I think it's safe to assume that some implementations (and all if you use glDrawElements) are simply going to mark the entire VBO as in use until the draw happens, and thus the partial rewrite is going to block as if there was a conflict, even if there was not.

Can we do anything about this? Besides falling back to an "orphaned" approach where we get a fresh buffer each time, our alternative is to use the more exact APIs from ARB_map_buffer_range or APPLE_flush_buffer_range. With these APIs we can map only the part of the VBO we know is not in use, with the unsynchronized bit set to avoid blocking because the other half is pending. We can use flush explicit to then flush only the areas we modified. (With the 3.0 APIs we can also use the discard range option to simply say "we are rewriting what we map".)

Of course, this technique isn't without peril - all synchronization is up to the client. The main danger is an over-run: your app is so fast that it needs to modify a range that the GL isn't done with - we made it all the way around our ring buffer. Probably the safest way to cope with this is to put explicit fences in place to wait until the last dependent draw call that we issued is finished.


  1. There is really only a need for fences if you want to re-write data in place or do changes on a subsection of a buffer.

    The workloads I am used to dealing with, have a variety of batch sizes coming out of client code.

    The pattern we would use to deal with them efficiently, once we had the capability of non-blocking map, was to just follow the DirectX style - keep an ascending cursor, and pack subsequent batches into the same buffer until reaching the end, at which point it would be time to orphan. In this fashion, when using a 2 or 4MB buffer, it wasn't uncommon for maps/write/unmaps to outnumber orphaning events by 100 to 1.
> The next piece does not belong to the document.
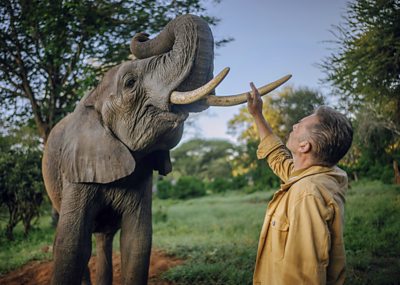 Chris Packham and an elephant in Kenya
    If you follow this pattern, and do not have workloads that entail altering already-written data for a followup batch - there is no need for fences or any sync mechanism at all - the orphaning takes care of everything.

    On OS X I'm not currently aware of any mechanism involving a VBO where the data does not land in system memory first, but maybe this has changed in Snow Leopard.

    When we were working on MapBufferRange, one of the common questions was "why is BufferSubData not good enough?" - one of the key reasons is that BufferSubData must assume the original data is in a copyable form. If the CPU is unpacking something - for example, the height field data that WoW uses for terrain chunks - BufferSubData would only be useful if the CPU first expanded said data into a temp buffer and then BSD'd from there - yielding unwanted cache pollution..

  2. An thread going on about this that's relevent:

    VBOs strangely slow?

    The posts at the end being the most interesting, particularly Rob's.

  3. paranoidatwork = Rob :)

    Seems like this topic has been popping up more, that's for sure.